Trial underway over 2018 rig blast that killed 5 workers in Oklahoma

The lone trial stemming from lawsuits filed after the deaths of five workers during a gas well rig explosion and fire in 2018 near Quinton, Oklahoma began Monday in Pittsburg County District Court in McAlester.

Attorneys for the families of the five victims gathered in the downtown courthouse as did those lawyers representing Texas-based National Oilwell Varco, L.P. Selection of a jury was the first order of business and District Judge Michael W. Hogan also restricted online access of the case files through the Oklahoma Supreme Court Network.

A spokeswoman at the Clerk of the District Court indicated the judge restricted public information because he did not want the lawsuit claims and docket available to the jury.

The families of the five workers consolidated their suits against NOV last year, dropping lawsuits against at least seven other firms that had been sued following the Jan. 22, 2018 incident.

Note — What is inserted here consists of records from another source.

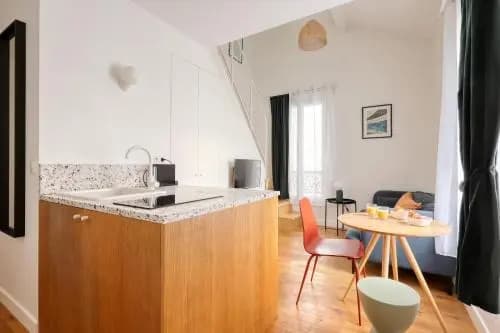 Cute and Bright Studio in a Courtyard-Montmartre(5) - photo 15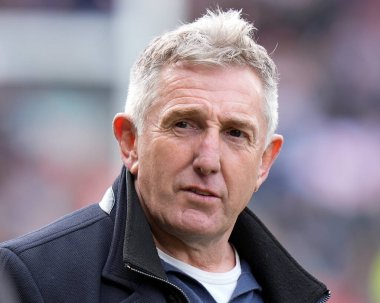 Eski Rugby Ligi efsanesi Jonathan Davies, Betfred Challenge Kupası çeyrek final maçında BBC tarafından St Helens-Warrington Wolves maçında tamamen Wicked Stadyumu, St Helens, Birleşik Krallık, 14 Nisan 202 'de röportaj yaptı.
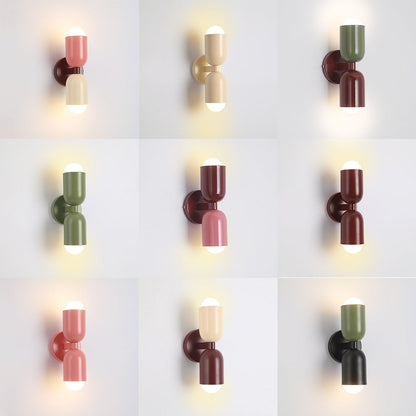Wandlamp Modern met Twee Lichtpunten en Kleurrijke Cilindervormige Kappen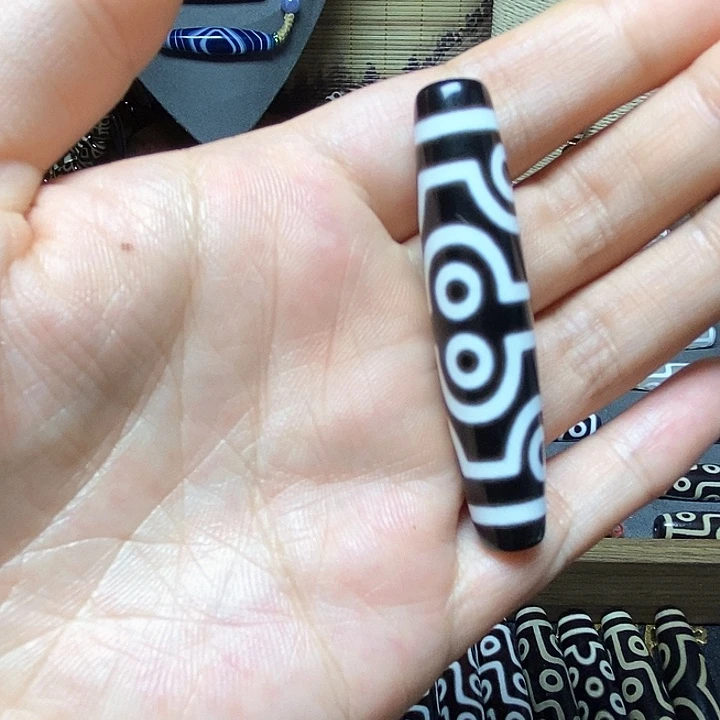 刘***辉玛瑙/玉髓颈饰未镶嵌
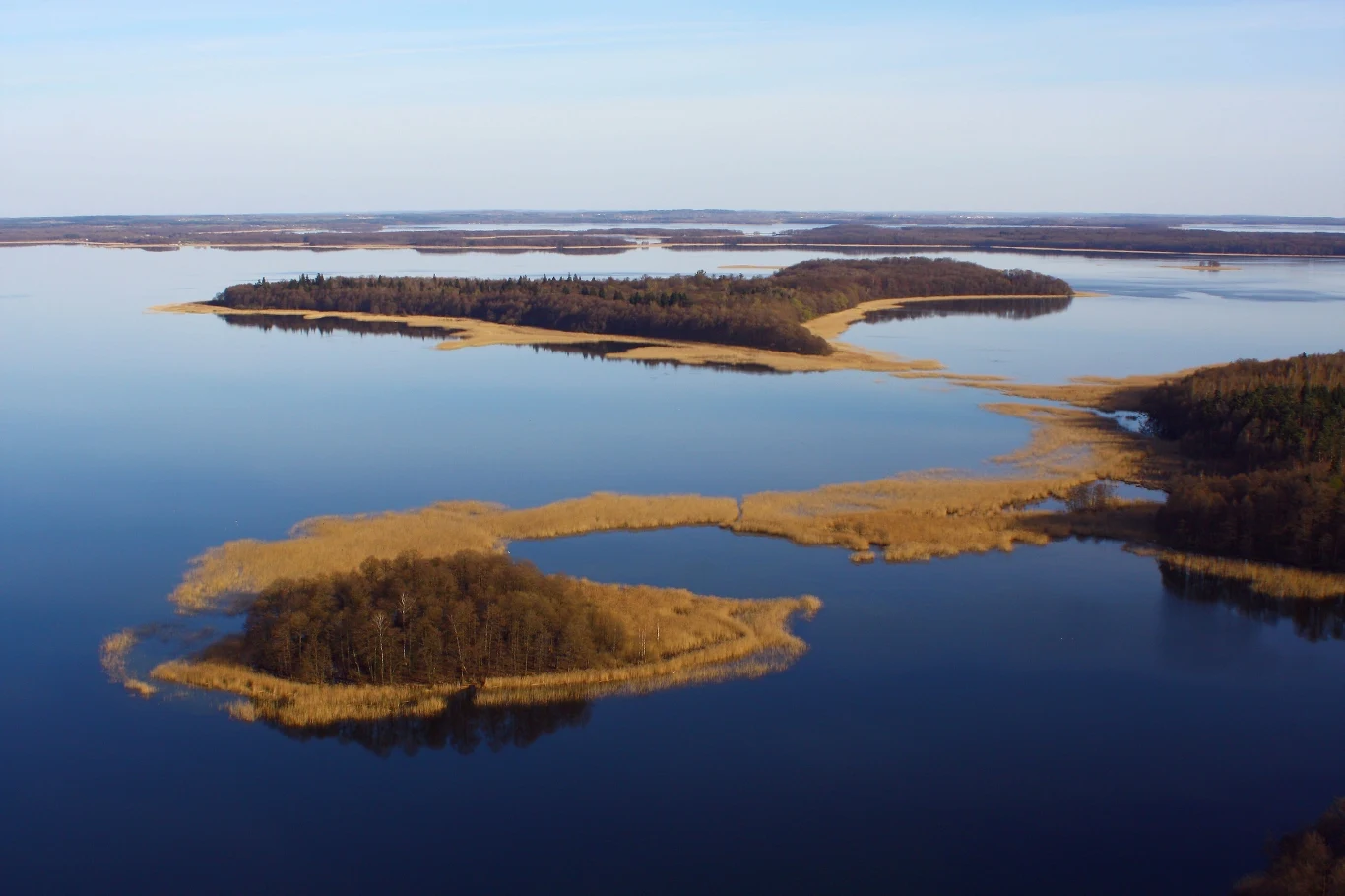 Na mazurskich jeziorach mieści się wiele interesujących wysp. Wśród nich z pewnością należy wymienić wyspę Upałty.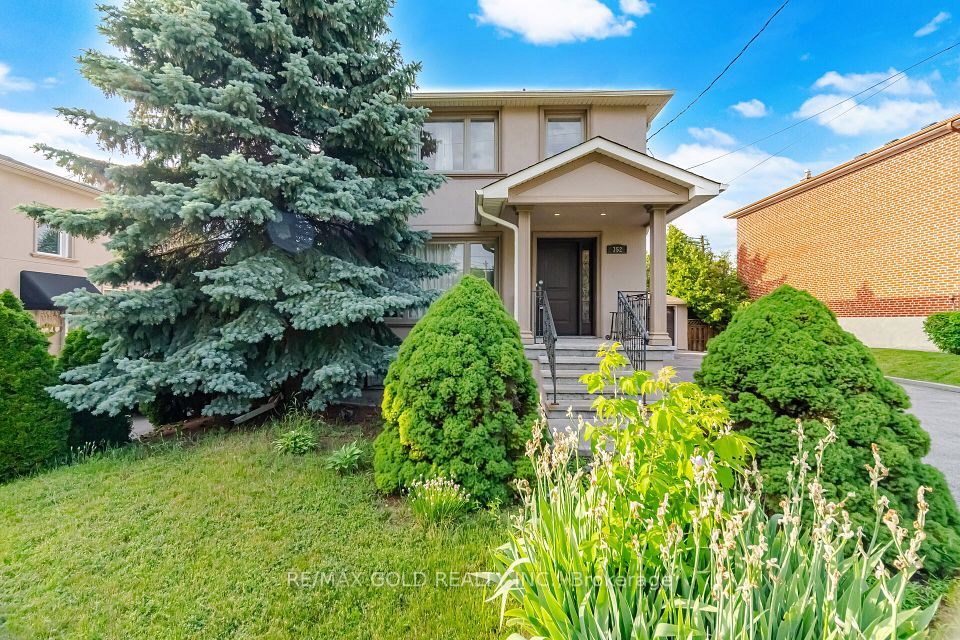 352 Maple Leaf Drive, Toronto, ON M6L 1P6 at 352 Maple Leaf Drive, Toronto, ON M6L 1P6, Toronto W04, ON, M6L 1P6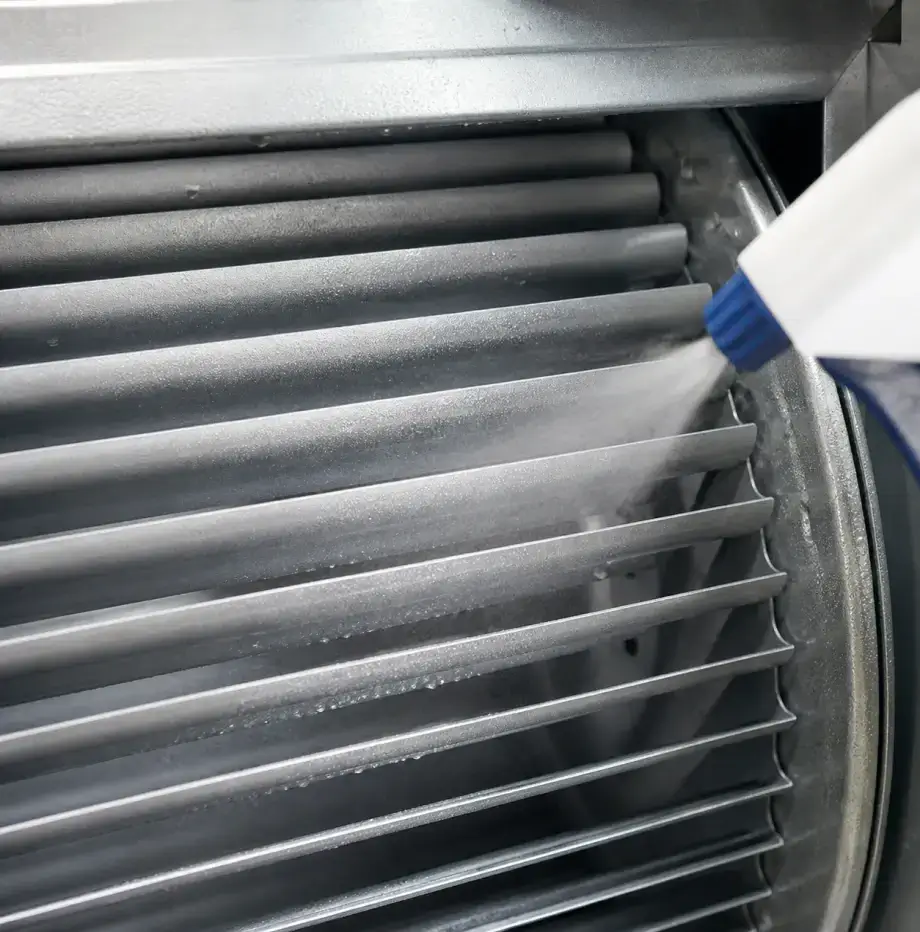 Blower sanitizing mist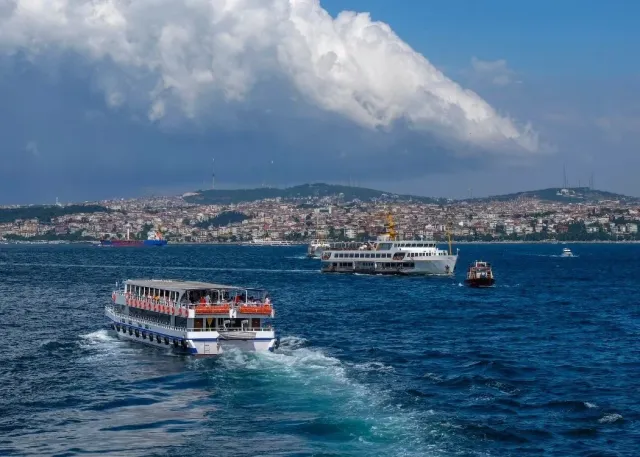 Golden Horn & Bosphorus Sightseeing Cruise with Audio Guide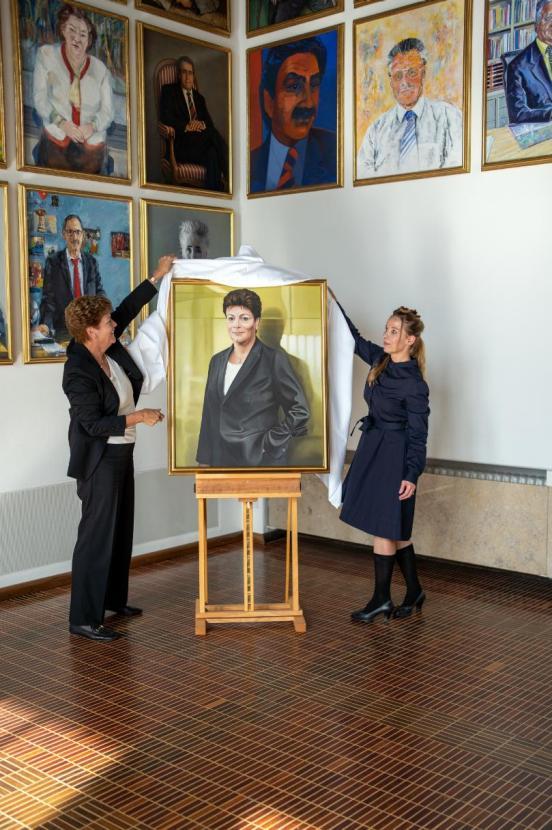 Regierungsrätin und Bildungsdirektorin Silvia Steiner und die Künstlerin Karoline Schreiber enthüllen das Portrait, das an das Präsidialjahr der Bildungsdirektorin (Mai 2020 bis April 2021) erinnert.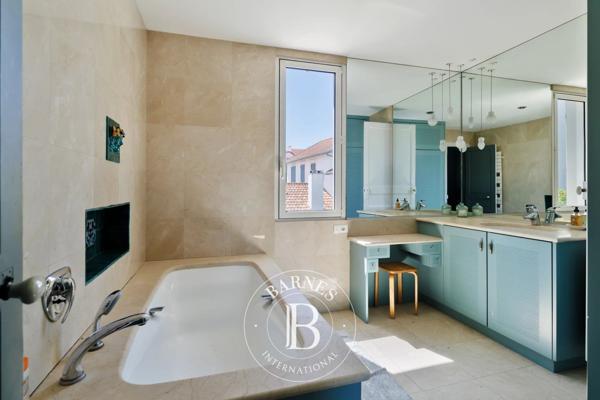 Biarritz, Maison 7 Chambres -  300 m² à vendre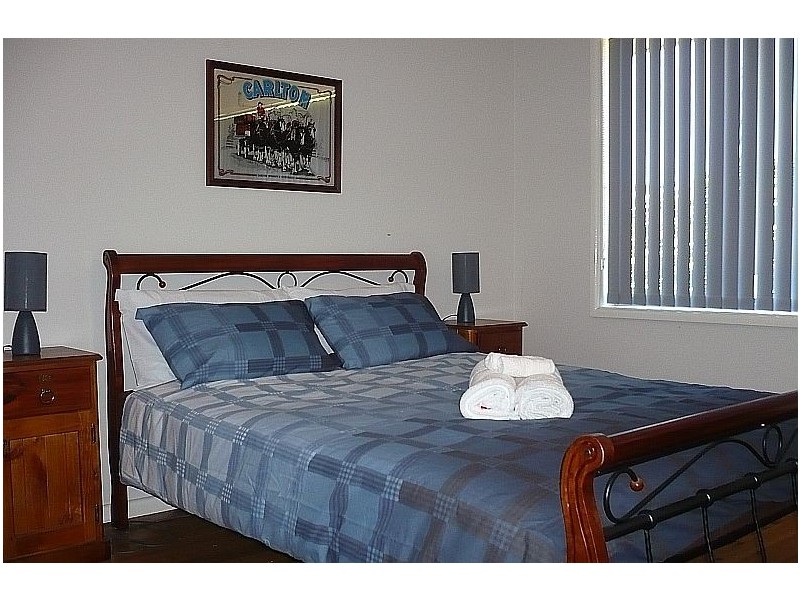 52 Golden Hill Avenue, Shoalhaven Heads NSW 2535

Attorneys for NOV had been seeking confidential information about settlements reached by Patterson UTI Drilling Co. with families of the victims, Josh Ray, Matt Smith, Cody Risk, Parker Waldridge and Roger Cunningham. A special Discovery Master was employed to review NOV’s appeal and ruled against the Houston-based company, a ruling that was upheld by District Judge Hogan in an Oct. 1, 2019 decision.

In reaching a sealed settlement with Patterson UTI Drilling Co., the families dismissed legal action in July 2019 against: Red Mountain Operating, LLC; Red Mountain Energy, LLC; RME ARkoma, LLC; Crescent Consulting, LLC; CVM Holdings, LLC; CVM Management LLC; and B and B Drilling Consulting LLC.

In June of 2019, an investigation by the U.S. Chemical Safety and Hazard Investigation Board concluded in its 158-page report that the failure of safety devices designed to prevent blowouts contributed to the explosion and fire. The report found some of the operations at the Patterson-UTI Energy Inc. drilling site had been conducted “without needed planning, equipment, skills or procedures” and thus, nullified the primary barrier designed to prevent a well blowout.

Families also blamed NOV on the design of the doghouse where the five workers were killed and accused it of negligence.